=== Section Start ===
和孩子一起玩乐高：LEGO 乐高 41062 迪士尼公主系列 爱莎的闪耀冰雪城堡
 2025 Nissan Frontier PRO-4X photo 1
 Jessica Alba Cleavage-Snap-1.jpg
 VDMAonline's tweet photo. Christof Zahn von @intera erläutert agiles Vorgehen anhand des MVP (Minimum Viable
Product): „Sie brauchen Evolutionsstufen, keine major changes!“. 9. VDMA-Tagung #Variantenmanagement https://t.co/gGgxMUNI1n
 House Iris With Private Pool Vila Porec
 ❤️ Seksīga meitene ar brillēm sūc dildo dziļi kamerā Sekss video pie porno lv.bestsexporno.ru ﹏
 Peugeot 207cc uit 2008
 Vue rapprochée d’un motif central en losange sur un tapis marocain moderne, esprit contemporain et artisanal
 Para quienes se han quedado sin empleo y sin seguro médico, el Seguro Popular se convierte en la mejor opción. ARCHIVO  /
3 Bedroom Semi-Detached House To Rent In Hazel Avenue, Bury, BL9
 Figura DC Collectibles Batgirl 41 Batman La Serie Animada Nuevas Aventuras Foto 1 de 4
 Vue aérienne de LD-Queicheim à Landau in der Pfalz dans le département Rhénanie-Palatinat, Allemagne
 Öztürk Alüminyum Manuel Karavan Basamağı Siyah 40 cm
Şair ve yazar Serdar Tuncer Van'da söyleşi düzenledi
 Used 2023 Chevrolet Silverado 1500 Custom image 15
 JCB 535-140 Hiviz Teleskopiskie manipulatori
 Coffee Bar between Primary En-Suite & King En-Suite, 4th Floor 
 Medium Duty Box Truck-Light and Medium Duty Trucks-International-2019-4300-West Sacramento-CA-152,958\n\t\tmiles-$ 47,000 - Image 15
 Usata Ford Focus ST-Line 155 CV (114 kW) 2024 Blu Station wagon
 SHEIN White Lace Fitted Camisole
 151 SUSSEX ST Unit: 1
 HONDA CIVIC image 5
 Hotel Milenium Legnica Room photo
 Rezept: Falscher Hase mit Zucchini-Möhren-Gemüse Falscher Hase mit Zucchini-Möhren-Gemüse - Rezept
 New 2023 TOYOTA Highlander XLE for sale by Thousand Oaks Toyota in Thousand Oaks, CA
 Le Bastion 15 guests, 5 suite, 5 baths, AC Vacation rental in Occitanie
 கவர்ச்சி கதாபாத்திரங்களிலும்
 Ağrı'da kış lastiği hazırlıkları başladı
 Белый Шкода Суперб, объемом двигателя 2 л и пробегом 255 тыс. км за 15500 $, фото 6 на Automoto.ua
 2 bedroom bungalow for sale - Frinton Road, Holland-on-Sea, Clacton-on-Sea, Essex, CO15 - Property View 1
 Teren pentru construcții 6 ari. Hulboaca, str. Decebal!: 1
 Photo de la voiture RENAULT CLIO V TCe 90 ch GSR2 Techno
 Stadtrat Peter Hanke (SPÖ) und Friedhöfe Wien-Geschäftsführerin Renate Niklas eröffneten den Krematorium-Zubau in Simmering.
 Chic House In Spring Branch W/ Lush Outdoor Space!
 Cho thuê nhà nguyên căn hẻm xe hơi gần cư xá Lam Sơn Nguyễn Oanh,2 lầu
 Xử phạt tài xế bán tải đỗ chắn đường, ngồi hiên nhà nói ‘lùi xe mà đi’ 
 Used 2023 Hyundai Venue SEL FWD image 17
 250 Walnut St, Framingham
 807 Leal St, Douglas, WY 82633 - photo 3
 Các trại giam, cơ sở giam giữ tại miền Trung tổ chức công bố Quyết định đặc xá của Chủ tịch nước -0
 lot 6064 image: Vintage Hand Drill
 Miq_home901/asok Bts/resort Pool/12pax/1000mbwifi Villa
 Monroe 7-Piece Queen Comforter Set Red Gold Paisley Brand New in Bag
=== Section End ===
A single number is the answer here: how many lines above carry the string "Used"?

EXERCISE RESPONSE: 2